There is a little bit of luck involved with the ripper events: Sometimes a close-to-death player is being eliminated by a Ripper event showing the players that they were way off base and sometimes a fully 15-point healthy competitor is wiped from the game while he was in perfect position to deliver the final blow to whomever the players thought was Jack. Tough Luck indeed, but games are fast and short so no one is left to their own devices for long.
Ty was so friendly to send me an actual preview copy of the game (of which you can find a picture below) and everything of this prototype looks very good! I personally love the victorian silhouette portraits on the character-cards and the rest of the artwork is very well done as well (the Artist of the game is Ty’s wife, Dawn who did an incredible job on keeping a nice, grim atmosphere all around). The playmat, made of a very sturdy, though flexible rubber is great-looking and a must-have for newer player, mostly because of the character-descriptions printed on them which you can use to cover yourself (and your identity) up.

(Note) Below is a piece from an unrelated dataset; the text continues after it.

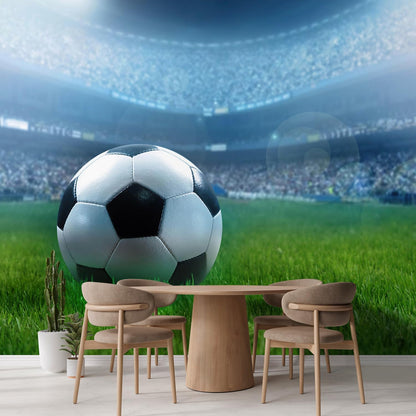 wall26 Wall Sticker/Wall Mural Close Up of a Football Ball on a Full Stadium, Not Peel and Stick, Non-Woven Wallpaper Decorative for Bedroom, Living Room, Office - 108x168 inches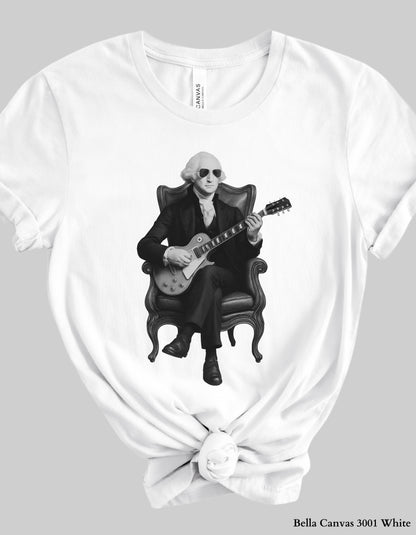 George Washington Guitar Shirt or Sweatshirt – Black & White Founding Father Design | Patriotic Family Matching Tee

Jack the Ripper is a fun little game that perfectly knows his place on a game-night. It’s a light game that takes seconds to set up and is easily playable by anyone in the room. The fast pace of the game and short time of play makes it indeed perfect to grab when you’re waiting for that “casually late” friend every group has or just want something quick and easy to warm everybody up. As said earlier Jack the Ripper is all about subtle behavior details. I often found myself watching over the table with eagle-eyes trying to find any sign on somebody’s face that might give away nefarious schemes. The game is best played with its full 5 players because then it leaves more to guess then with 3, but even with those three it’s still a pretty good little time-killer: A perfect way to start game night, with a few good laughs over mis-judgement and a Killer on the loose!
And that’s my Final Judgement.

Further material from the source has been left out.